**Instructions to follow:** Transcribe exactly, and only, the lines from the one with "58 cedar Drive, Danbury CT 06811" through the end of the records below, including both of those lines. Skip all pictures.

*** Data Section Begins ***

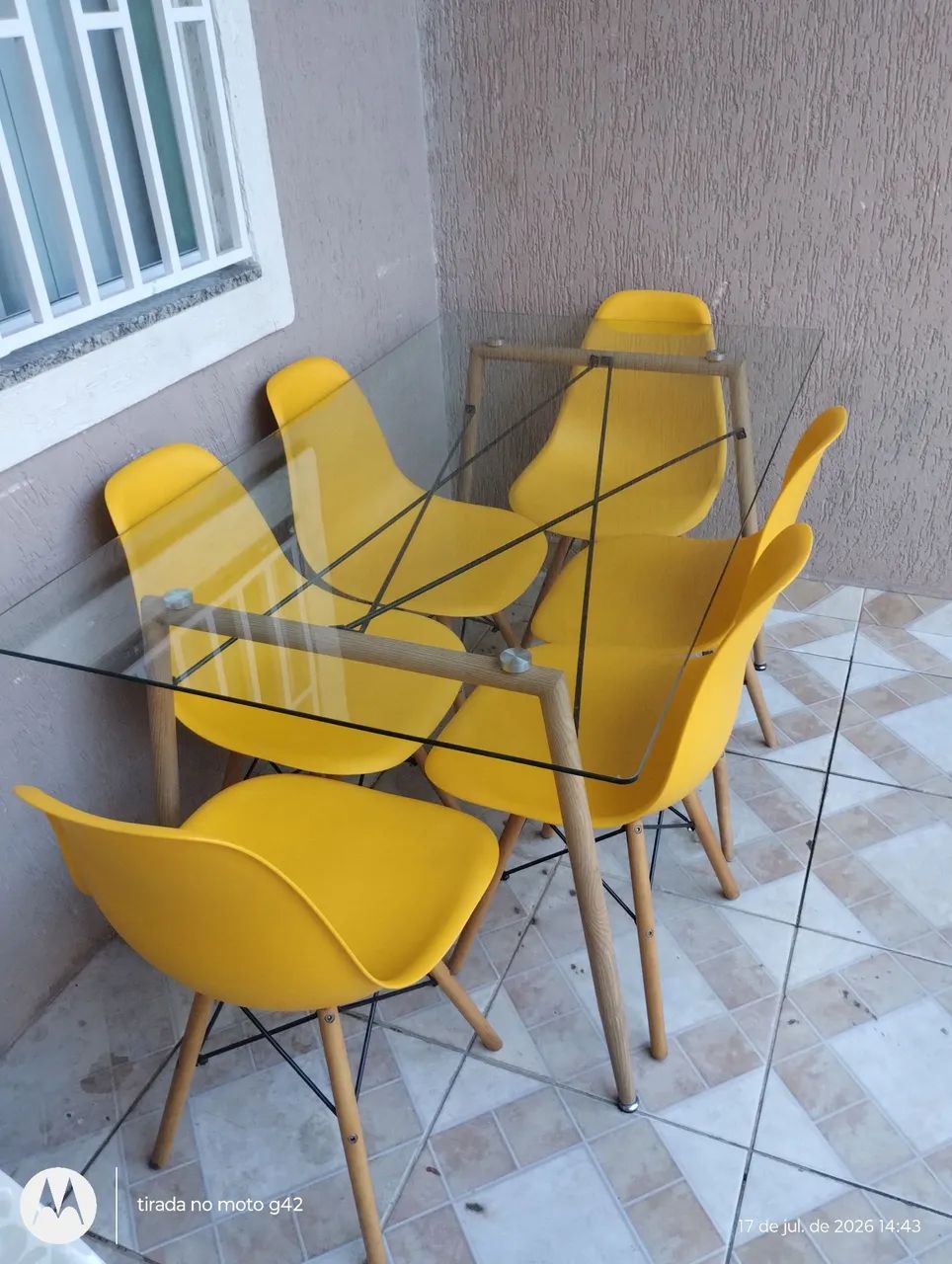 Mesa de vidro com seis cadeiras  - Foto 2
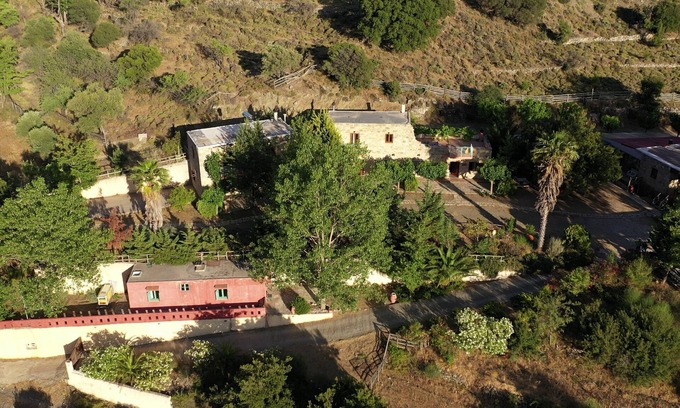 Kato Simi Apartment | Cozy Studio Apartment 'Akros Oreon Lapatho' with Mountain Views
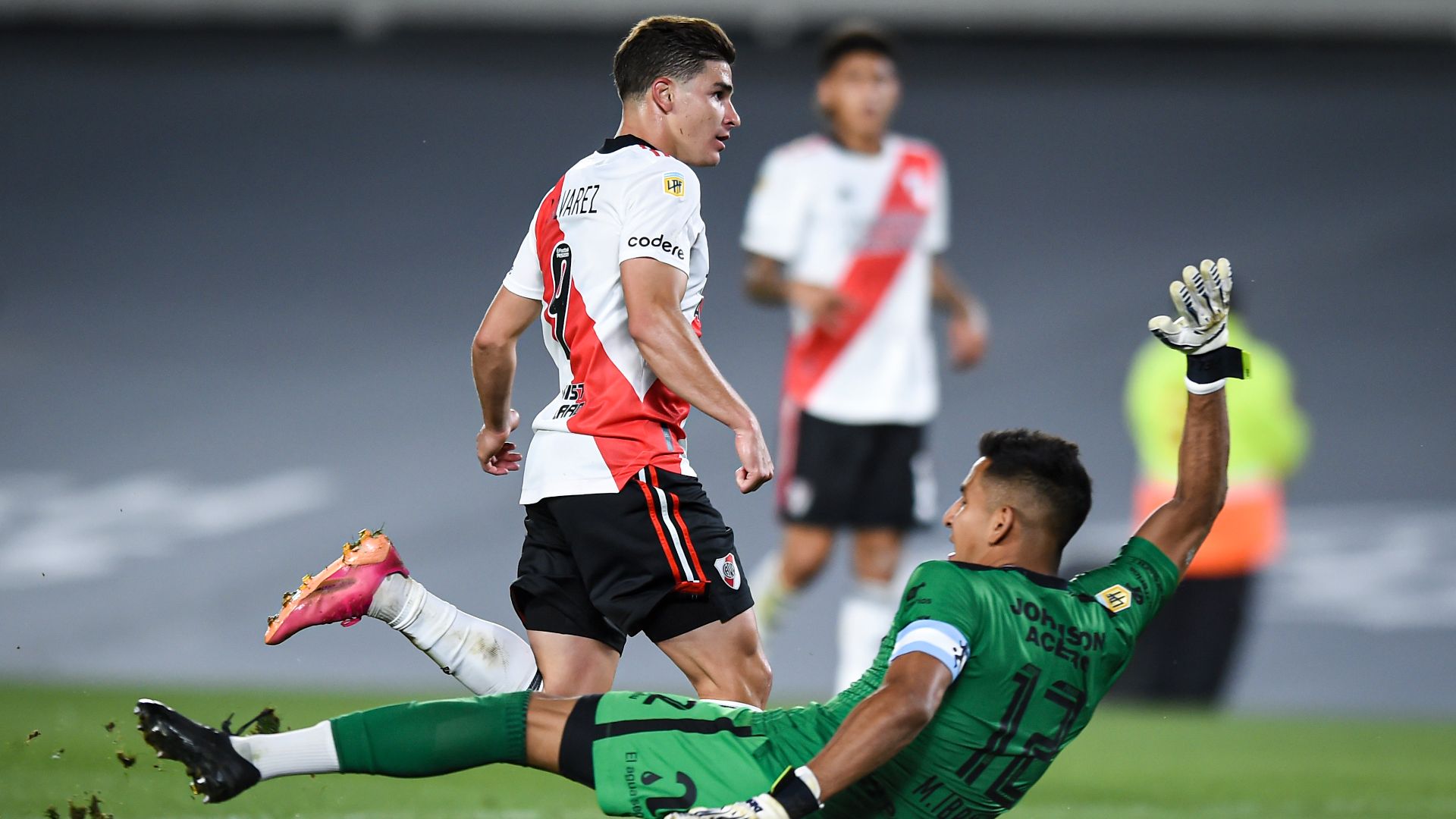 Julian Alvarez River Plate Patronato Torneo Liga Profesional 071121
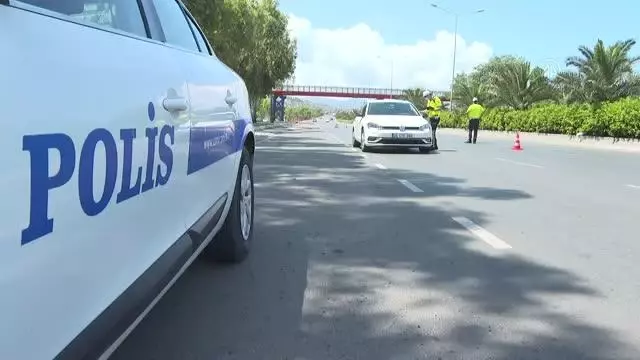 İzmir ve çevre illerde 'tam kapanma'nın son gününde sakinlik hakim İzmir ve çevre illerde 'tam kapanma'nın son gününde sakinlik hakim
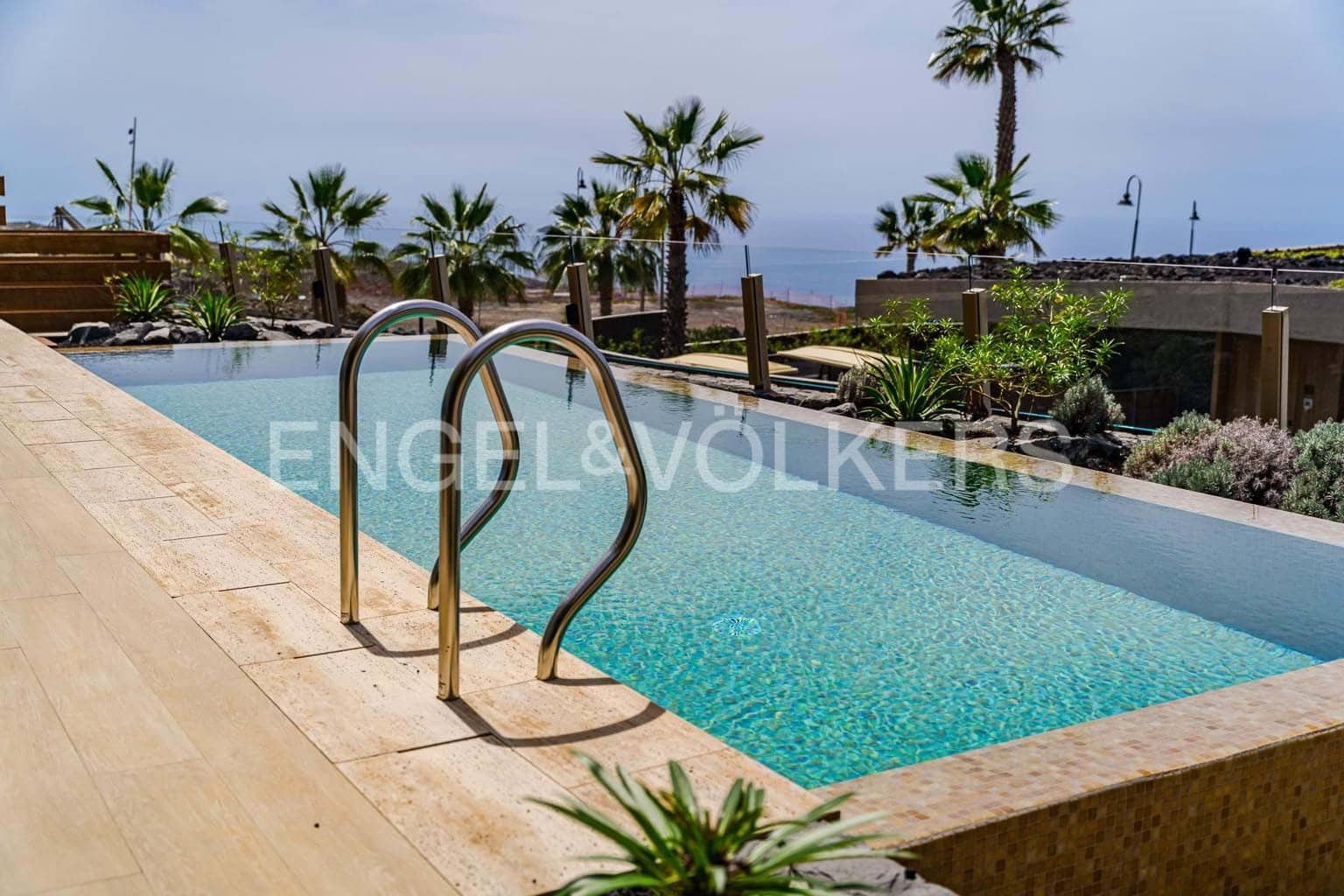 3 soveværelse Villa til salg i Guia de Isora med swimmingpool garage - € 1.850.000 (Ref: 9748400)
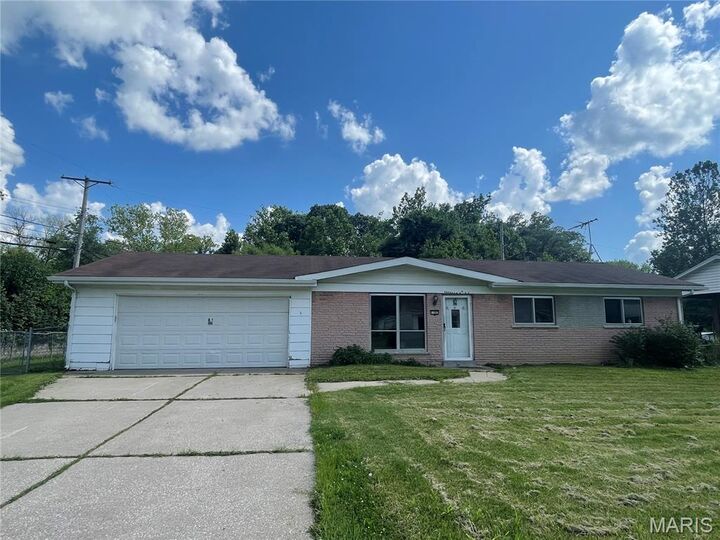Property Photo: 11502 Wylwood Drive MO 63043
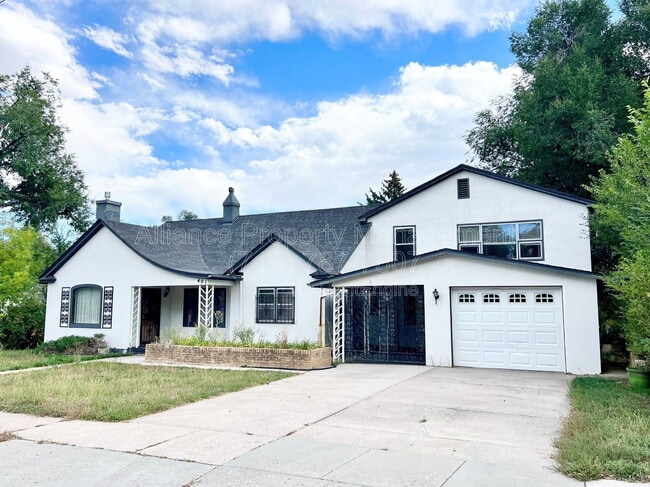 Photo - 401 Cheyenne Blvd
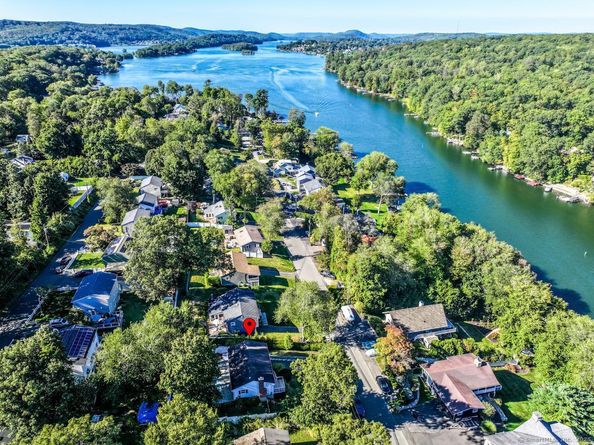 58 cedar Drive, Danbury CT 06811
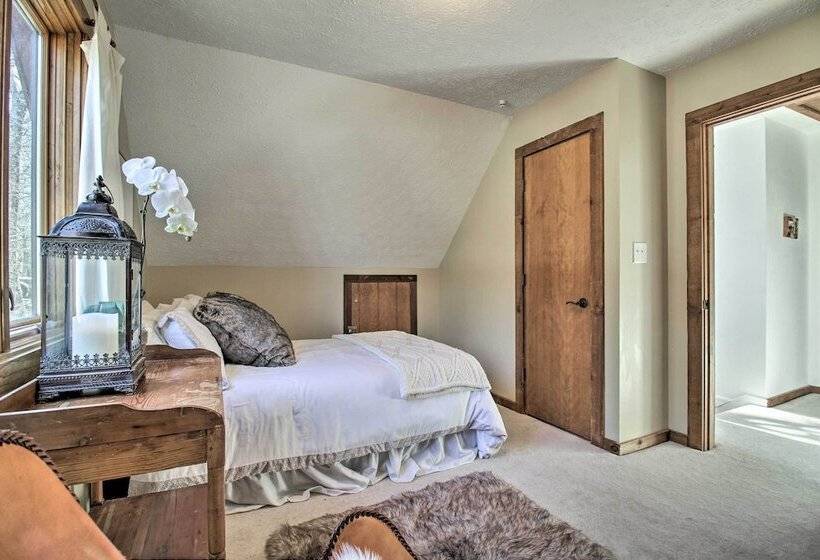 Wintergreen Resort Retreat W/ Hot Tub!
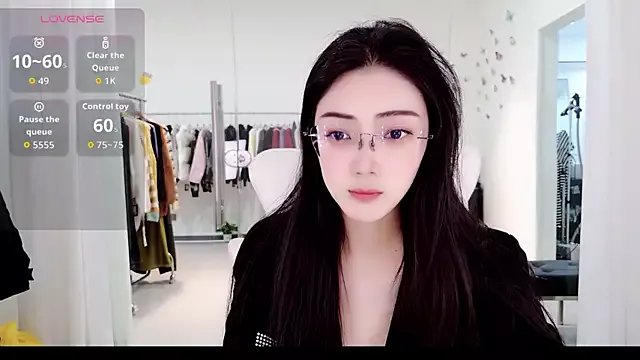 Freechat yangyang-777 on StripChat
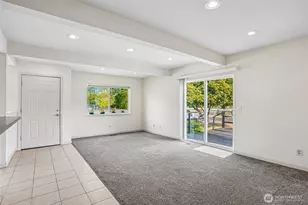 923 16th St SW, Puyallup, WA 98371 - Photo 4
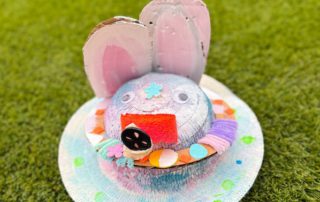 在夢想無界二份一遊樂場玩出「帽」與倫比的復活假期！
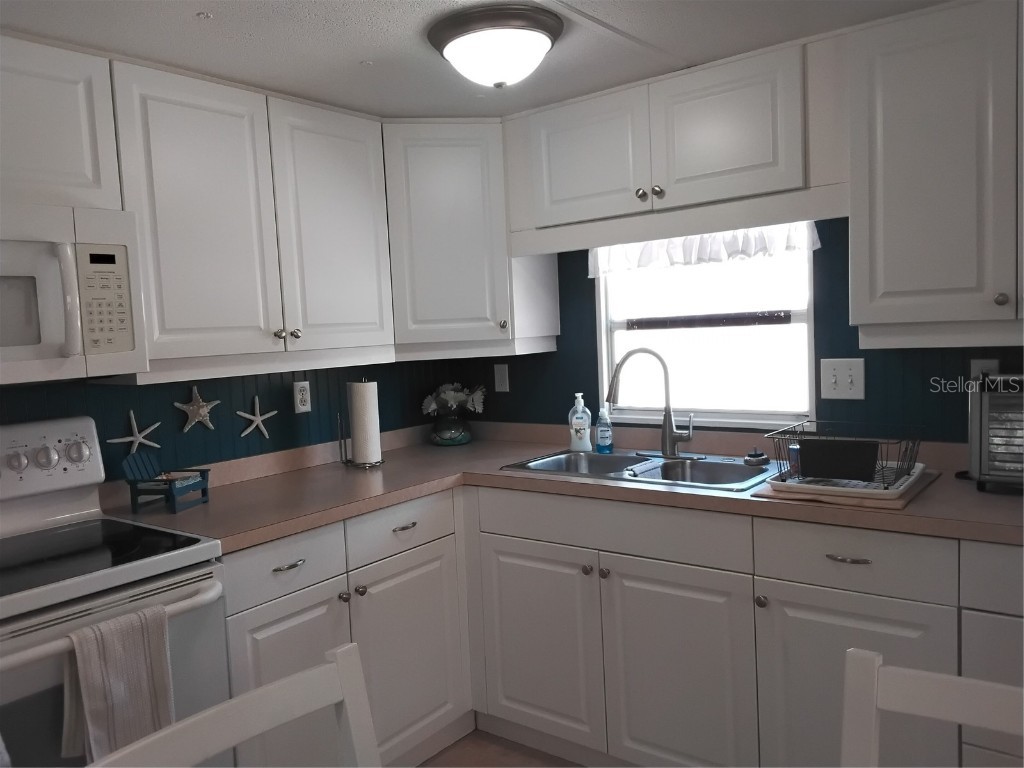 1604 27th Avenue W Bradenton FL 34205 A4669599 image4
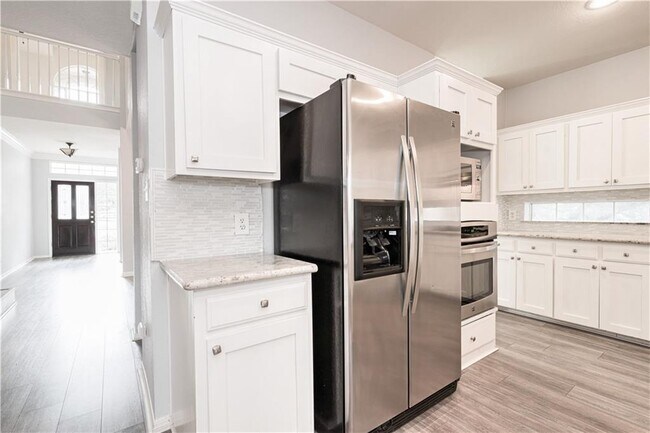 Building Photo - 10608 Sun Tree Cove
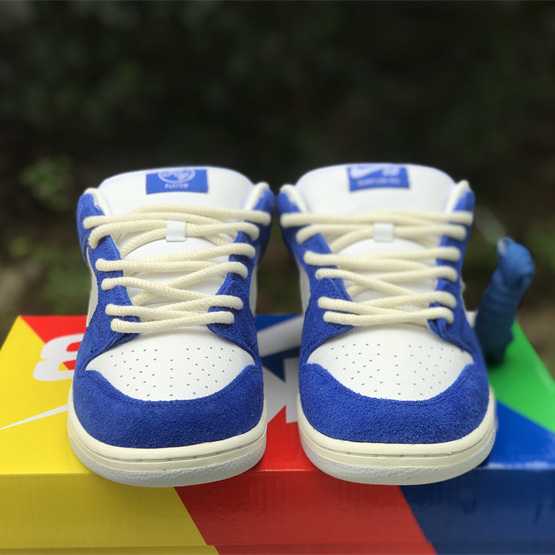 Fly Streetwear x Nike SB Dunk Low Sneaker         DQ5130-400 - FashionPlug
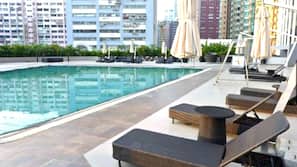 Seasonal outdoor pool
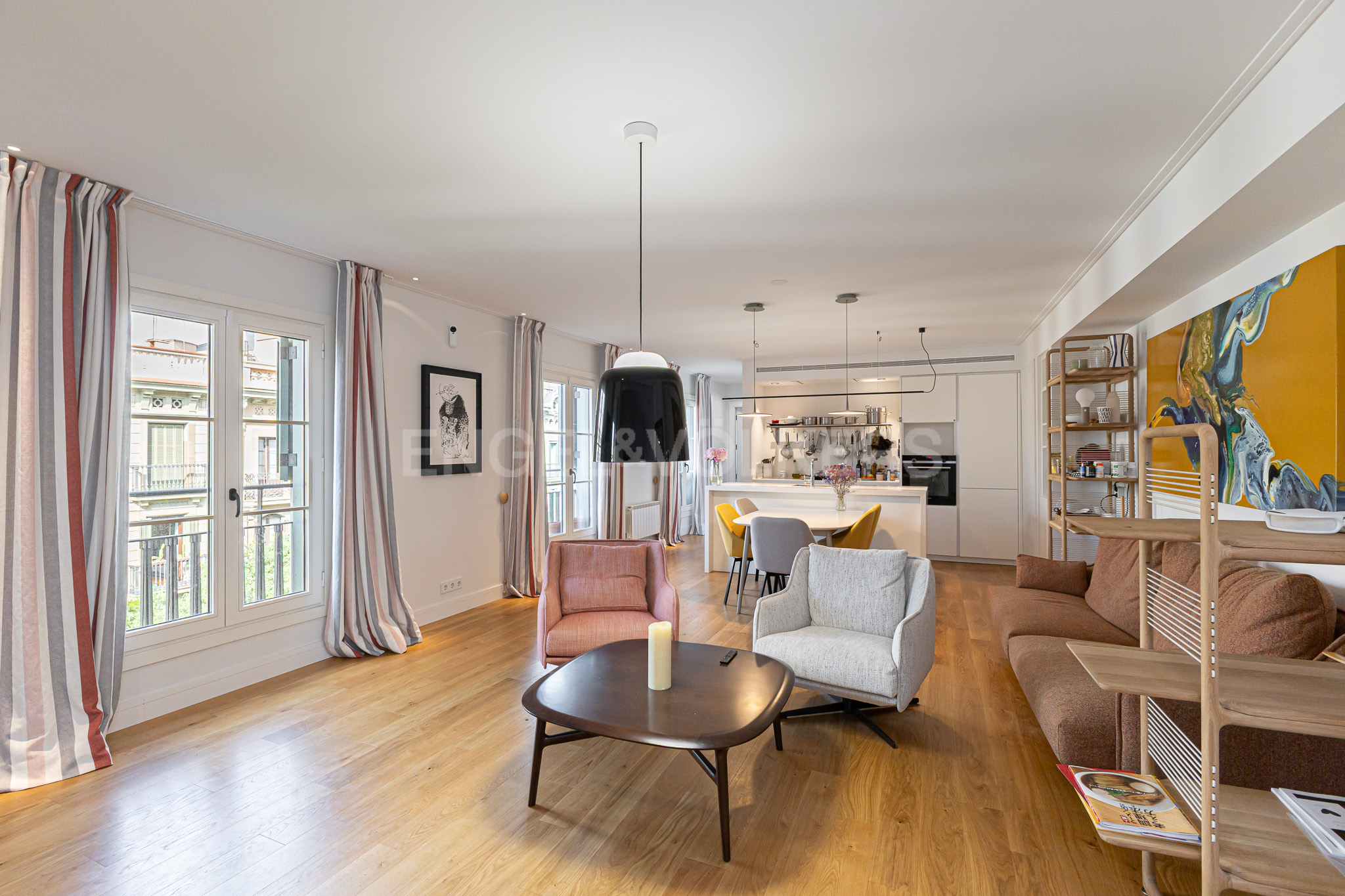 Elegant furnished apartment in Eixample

*** Data Section Ends ***

**Exercise result:**
 58 cedar Drive, Danbury CT 06811
 Wintergreen Resort Retreat W/ Hot Tub!
 Freechat yangyang-777 on StripChat
 923 16th St SW, Puyallup, WA 98371 - Photo 4
 在夢想無界二份一遊樂場玩出「帽」與倫比的復活假期！
 1604 27th Avenue W Bradenton FL 34205 A4669599 image4
 Building Photo - 10608 Sun Tree Cove
 Fly Streetwear x Nike SB Dunk Low Sneaker         DQ5130-400 - FashionPlug
 Seasonal outdoor pool
 Elegant furnished apartment in Eixample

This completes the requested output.